HOT PROPERTY
First he was going to Mclaren , they said . Then to Benetton-Renault . How he’s staying put . Matt Bishop unravels the rationale behind Jacques Villeneuve’s strategic thinking , and explains why he is still as good as it gets.

di Matt Bishop


They watched and waited – "they" being Giancarlo Fisichella and Alexander Wurz and Jenson Button and Pedro de la Rosa and Olivier Panis and anyone and everyone who felt , rightly or wrongly , that he might be in line to gobble up one of the crumbs about to fall from Jacques Villeneuve’s table . This year’s heavy scorers – at Mclaren and Ferrari – were staying put . The 2000 silly season , as a result , was all about one man .

It’s easy to see why . Despite not yet having been provided with a winning car from the BAR-Reynard-Honda package , Villeneuve has this year driven as hard and as fast as Michael Schumacher , Mika Hakkinen and David Coulthard – and faster and harder than anyone else . It’s difficult to stay motivated in such conditions , as Eddie Irvine is proving at Jaguar ; yet the Canadian has always been there – his brilliant starts, bold use of track space and creative race strategies making up for his car’s lack of inherent downforce .

He enjoys his down time , but his professional life is focused on racing . He’s often criticized for his reluctance to carry out more than a few days of sponsorship work per year , or for imposing a strict limit on the number of press interviews he holds over a race weekend . Truth be told , others envy him : he minimizes extraneous commitments to keep his approach to racing – the details of his job in the cockpit – uncluttered .

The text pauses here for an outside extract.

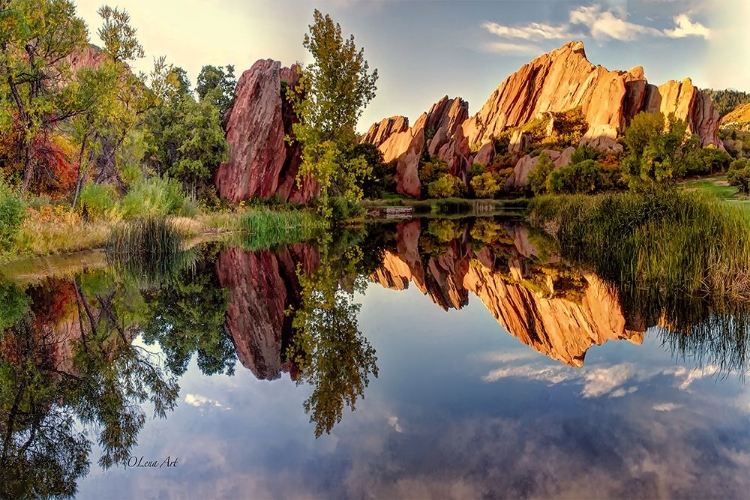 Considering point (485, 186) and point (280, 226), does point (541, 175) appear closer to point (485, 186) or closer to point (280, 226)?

A good example is his system on the starting grid . Partly because he wears very loose-fitting overalls (he likes to have as much freedom of movement as possible , regardless of how he looks alongside others , more neatly tailored), he takes a long time to get settled into the car . He tightens a seatbelt here , loosens one there . He does so in the relative quiet of the BAR garage , in the shade , away from the spotlight .

On the grid , therefore , he remains strapped in . He has found his comfort zone and there he will stay . Before the Canadian GP , by contrast , Coulthard climbed from his Mclaren and spoke to four TV crews . He returned to the cockpit , rushing slightly , then stalled his engine . Now , his is limiting the number of grid interviews that he conducts to two . Jacques’ scintillating starts have been one of the main talking points of the first half of the 2000 season . He has needed them ; once running in echelon , he has invariably had to drive a defensive race – as he did against Michael Schumacher at Silverstone , against Mika Salo in Melbourne and , despite a major brake problem , against Ralf Schumacher at Magny-Cours .

He appears to expect this going in . He tends to take wing off before the race , sure in the knowledge that he’ll pass more than a couple of cars before the first corner . And , given the nature of today’s regulations (which dictate that overtaking is not something you can ever realistically factor in your tactics) , he works his strategy around being quick on the straights . When he was leading Salo in Melbourne , he was in constant communication with his race engineer , Jock Clear , wanting to know where the Sauber was quicker and therefore how to adjust his driving style accordingly . Such ploys are typical of the man ; he learned in Indycars how to talk on the radio without compromising his driving , and he alone uses it to it’s maximum in Formula 1 . Credit is due , too , to Clear ; spontaneously , and because he knows Jacques so well , he has the ability to distil and pass on exactly the information his driver requires . Why , though , has Villeneuve out-started every other driver this year ? Obviously , BAR will not reveal their trade secrets – but it’s likely that Honda’s engine mapping technology is , shall we say , state-of-the-art . Clearly , also , he practices a lot , but then so do virtually all the rest . Undoubtedly , he has more feel and better reflexes than many of his peers . But is he that much better in these areas than , say , Schumacher or Hakkinen ? No , what he has done is carefully dissect every part of the start procedure – dissect it , perfect it , analyse it . The result is there for everyone to see .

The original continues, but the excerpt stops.